極少主義從晚期現代主義中發展出來,只是為了破壞它,污染它,正如極少主義已經被劇場所毀壞、污染一樣。但是這劇場所代表的,不僅僅是與視覺藝術不相容的對時間的關注。作為“對藝術的否定”,它也是前衛主義的一個代名詞。于是我們得出了以下方程式:極少藝術與晚期現代主義的斷裂,是通過對歷史前衛藝術的部分重復,尤其是重復歷史前衛對于體制藝術的形式范疇的破壞。要理解極少主義——也就是理解它對于以后的高級藝術的意義——就必須同時領會這個方程的兩個部分。[11]64—65
福斯特所說的方程式的兩個部分,其中一個是極少主義與晚期現代主義的斷裂,另外一個就是極少主義為后現代主義藝術的來臨做了準備。前一個部分自不必說,賈德、莫里斯和弗雷德等批評文本的發展演變早已說明了這個特點。至于后一個部分,即極少主義為后現代主義藝術的來臨做了準備,這個譜系說成立的關鍵在于極少主義作為新前衛主義的定性,因為后現代主義主要是對現代主義藝術體制的批判。福斯特不僅從弗雷德的批評文本中獲得了結構主義的發現,極少主義者的藝術實踐也予以了充分的證實,因為他們指望從越界的前衛藝術中借鑒藝術實踐的其他可選模式,比如“安德烈轉向了亞歷山大·羅德琴科和康斯坦丁·布朗庫西,弗萊文轉向了弗拉基米爾·塔特林,還有很多藝術家轉向了杜尚”。
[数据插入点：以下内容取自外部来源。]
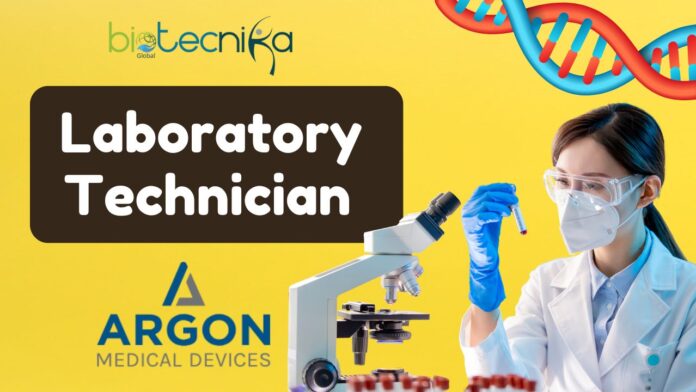 Argon Medical Hiring Laboratory Technician I in Athens, TX Apply Now!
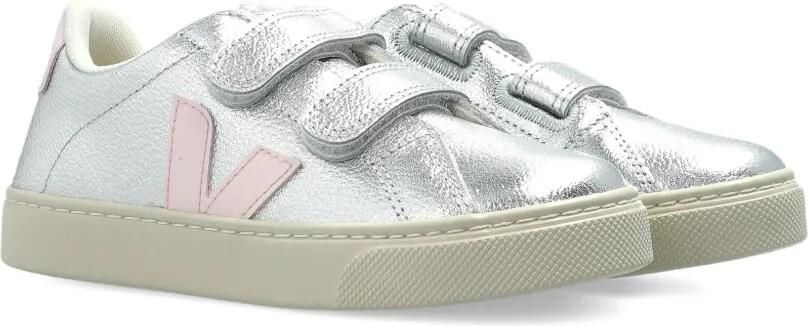 VEJA Kids Sneakers met klittenband Zilver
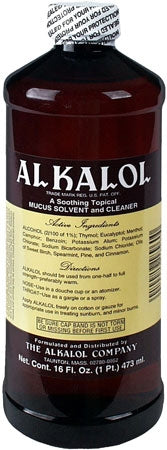 William Laboratories Mucus Solvent and Nasal Wash Alkalol® Liquid 16 oz.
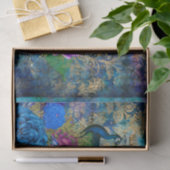 Elegant Peacock Tissuepapier (Geschenk)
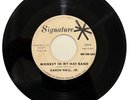 Rockabilly 45 RPM Aarch Hall Jr. on Signature: Monkey In My Hat Band/Konga Joe V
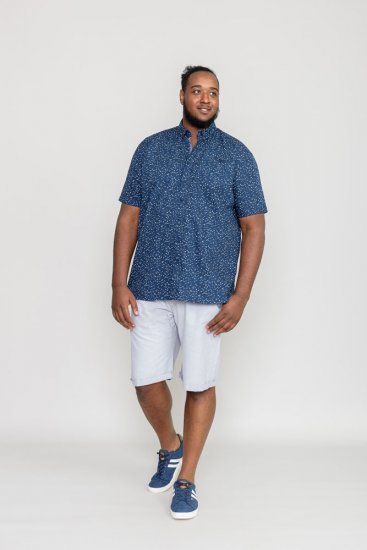 D555 FINDON Print Shirt - Skjorter - Store skjorter - 2XL-8XL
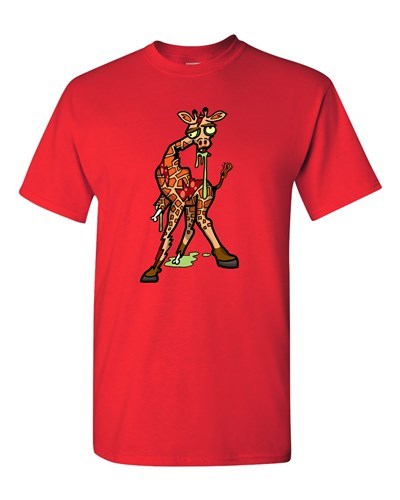 T-Shirt Tee Zombie Giraffe Untote Tiere Teufel Monster Horror Erwachsene DT - Bild 6 von 9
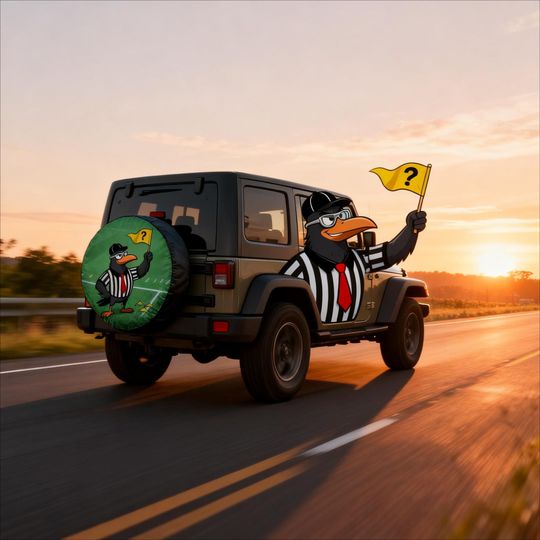 Baltimore Ravens Football Spare Tire Cover, Football Fan Gift for Dad Husband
[11]66
正是這個方程式使得極少主義成為了歷史的一個關鍵點,因為它提出的不僅是一個關于現代主義藝術的觀點,還是關于后現代主義藝術的一段譜系,因為后現代主義藝術正是在作為新前衛主義的極少主義反思和批判藝術體制的基礎上展開敘事的。福斯特的《極少主義的關鍵》一文為我們理解極少主義打開了一個全新的視角,他從弗雷德對于“極少主義是一種新型的劇場,而劇場是對藝術的否定”這一宣言出發,將極少主義如波普一樣歸入戰后新前衛主義的行列。雖然這種解讀的有效性仍然有待歷史的檢驗,但不失為一個有關后現代演繹的好的范例。
綜上所述,米切爾在對現代主義理論的修正中發展出了他的關于后現代主義的混雜性理論;克勞斯將后現代主義理解為有關藝術概念及參數的拓展;而福斯特以極少主義為關鍵的分界點為后現代主義構建了一個藝術體制批判的新前衛系譜。所有這些后現代藝術理論家的不同觀點詮釋了他們對弗雷德理論的不同理解,同時,這些多元的結論也揭示了批評的自主性與主觀性。無論這些針對后現代主義的不同見解有著多大程度的合理性,毋庸置疑的是,弗雷德的《藝術與物性》及其劇場性理論作為一種獨立而客觀的存在,最早從批評和理論的角度間接提出了后現代主義這個復雜的命題。